Task objective. Exactly as written, output each of the lines below, with no images.

Provided records.
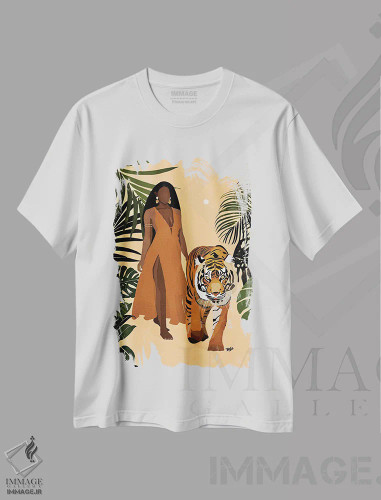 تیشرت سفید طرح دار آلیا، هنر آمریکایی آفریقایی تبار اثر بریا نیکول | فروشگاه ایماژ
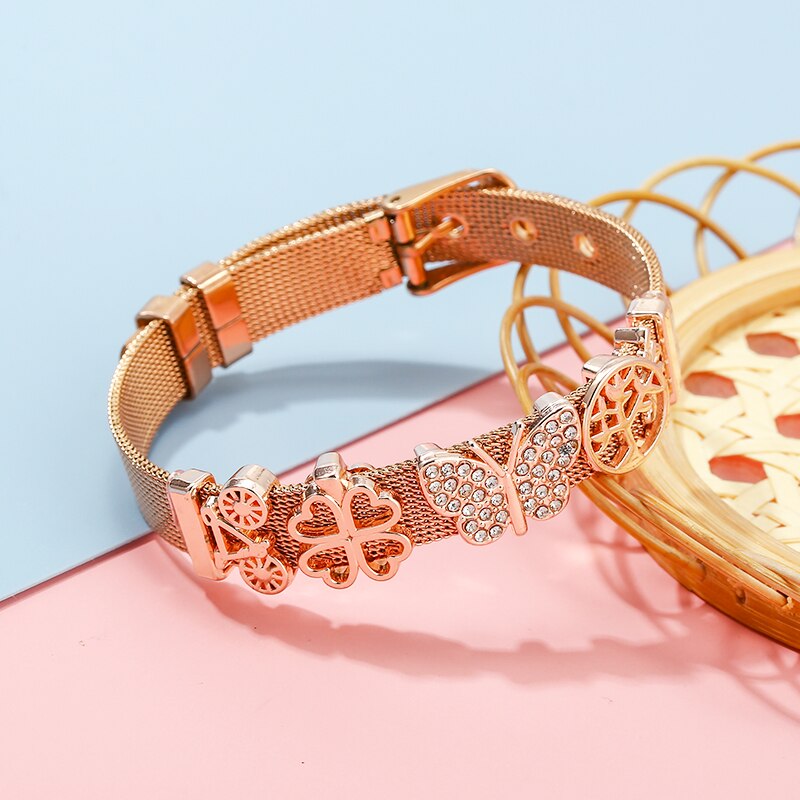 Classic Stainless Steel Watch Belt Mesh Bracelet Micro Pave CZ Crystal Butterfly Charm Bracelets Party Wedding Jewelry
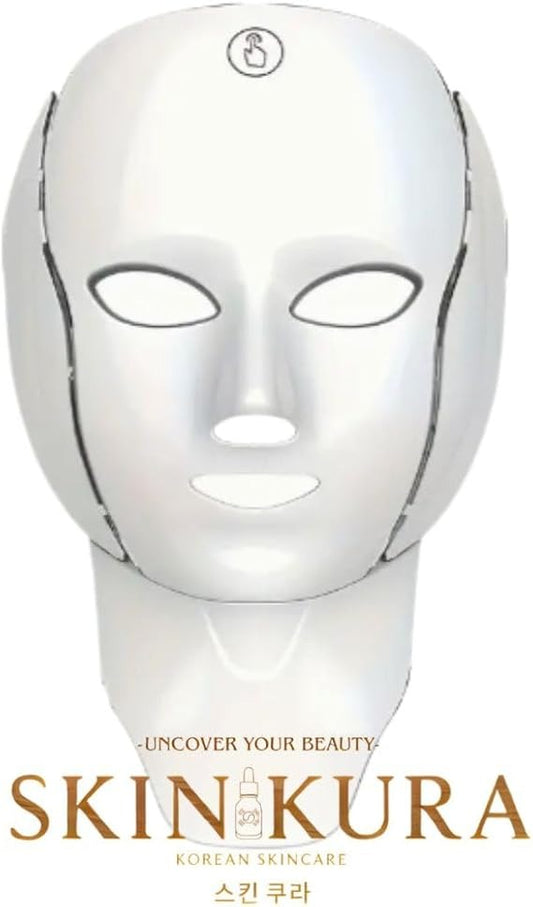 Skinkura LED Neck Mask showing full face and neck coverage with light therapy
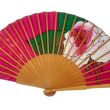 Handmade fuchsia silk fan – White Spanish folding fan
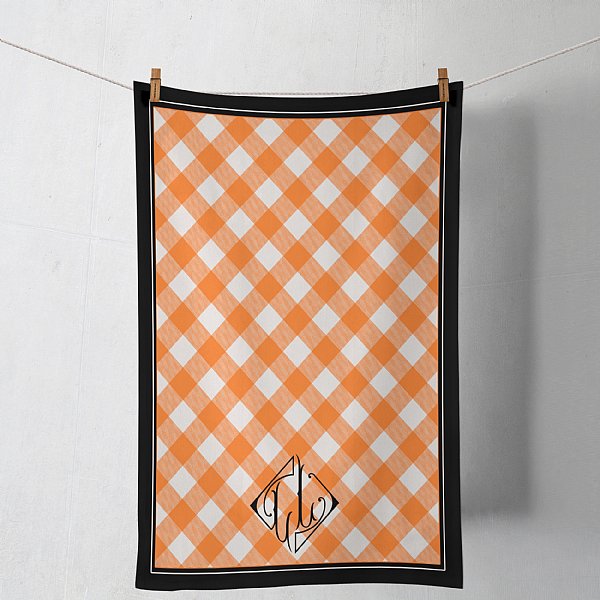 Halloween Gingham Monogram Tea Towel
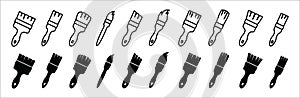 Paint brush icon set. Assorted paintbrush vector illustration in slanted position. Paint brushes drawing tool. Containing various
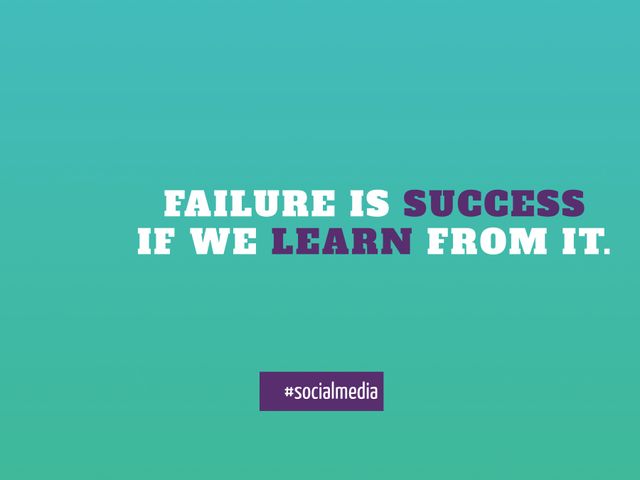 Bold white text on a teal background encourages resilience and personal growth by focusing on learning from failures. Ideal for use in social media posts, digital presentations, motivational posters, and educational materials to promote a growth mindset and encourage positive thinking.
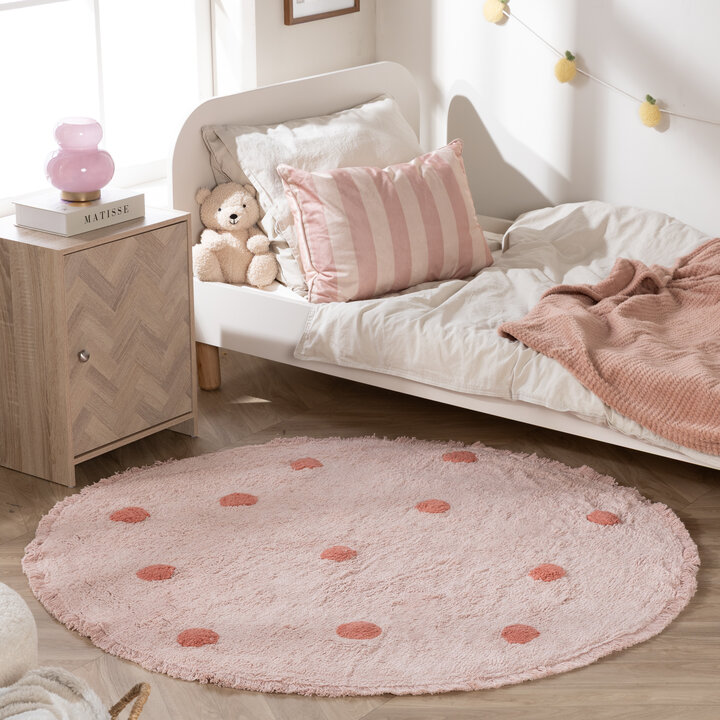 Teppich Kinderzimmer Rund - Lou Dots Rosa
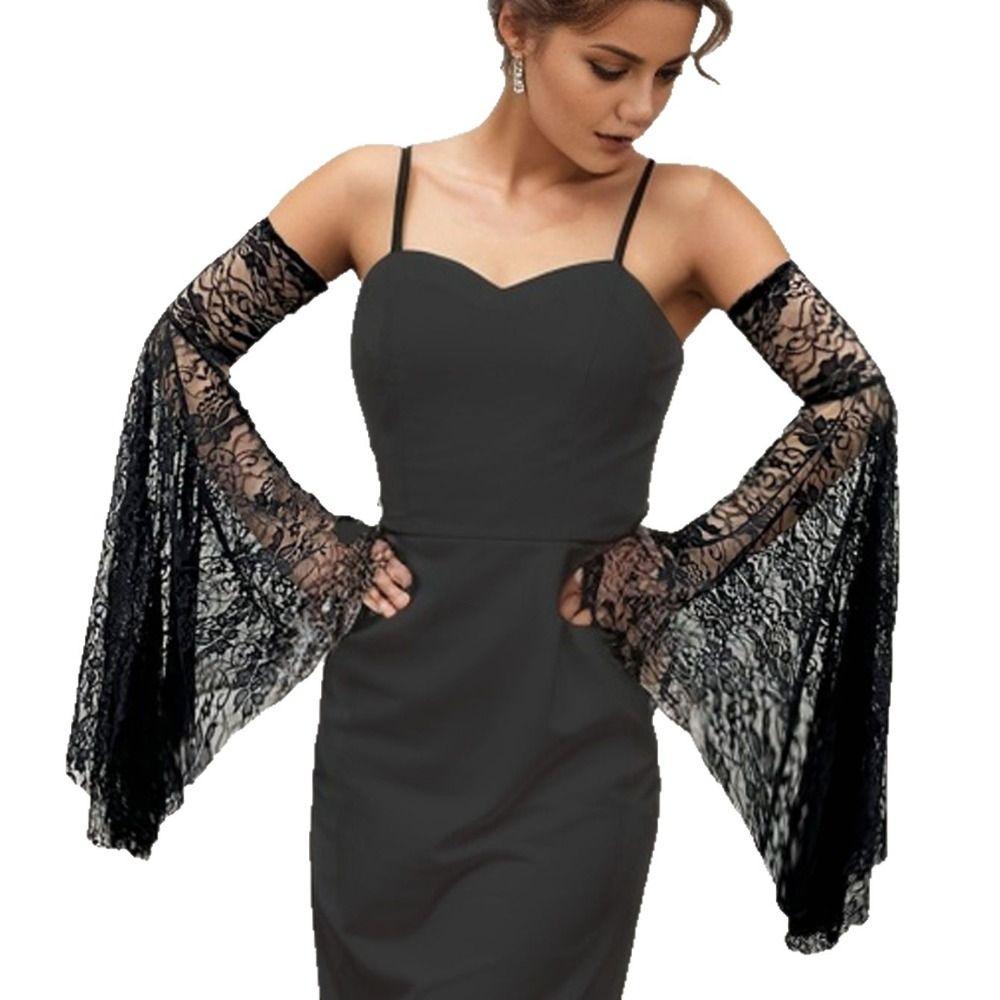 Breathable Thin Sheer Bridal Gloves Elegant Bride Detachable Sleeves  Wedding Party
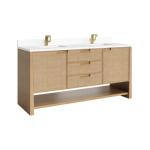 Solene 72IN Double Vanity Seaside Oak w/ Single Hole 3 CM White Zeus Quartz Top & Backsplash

Exercise answer.
 تیشرت سفید طرح دار آلیا، هنر آمریکایی آفریقایی تبار اثر بریا نیکول | فروشگاه ایماژ
 Classic Stainless Steel Watch Belt Mesh Bracelet Micro Pave CZ Crystal Butterfly Charm Bracelets Party Wedding Jewelry
 Skinkura LED Neck Mask showing full face and neck coverage with light therapy
 Handmade fuchsia silk fan – White Spanish folding fan
 Halloween Gingham Monogram Tea Towel
 Paint brush icon set. Assorted paintbrush vector illustration in slanted position. Paint brushes drawing tool. Containing various
 Bold white text on a teal background encourages resilience and personal growth by focusing on learning from failures. Ideal for use in social media posts, digital presentations, motivational posters, and educational materials to promote a growth mindset and encourage positive thinking.
 Teppich Kinderzimmer Rund - Lou Dots Rosa
 Breathable Thin Sheer Bridal Gloves Elegant Bride Detachable Sleeves  Wedding Party
 Solene 72IN Double Vanity Seaside Oak w/ Single Hole 3 CM White Zeus Quartz Top & Backsplash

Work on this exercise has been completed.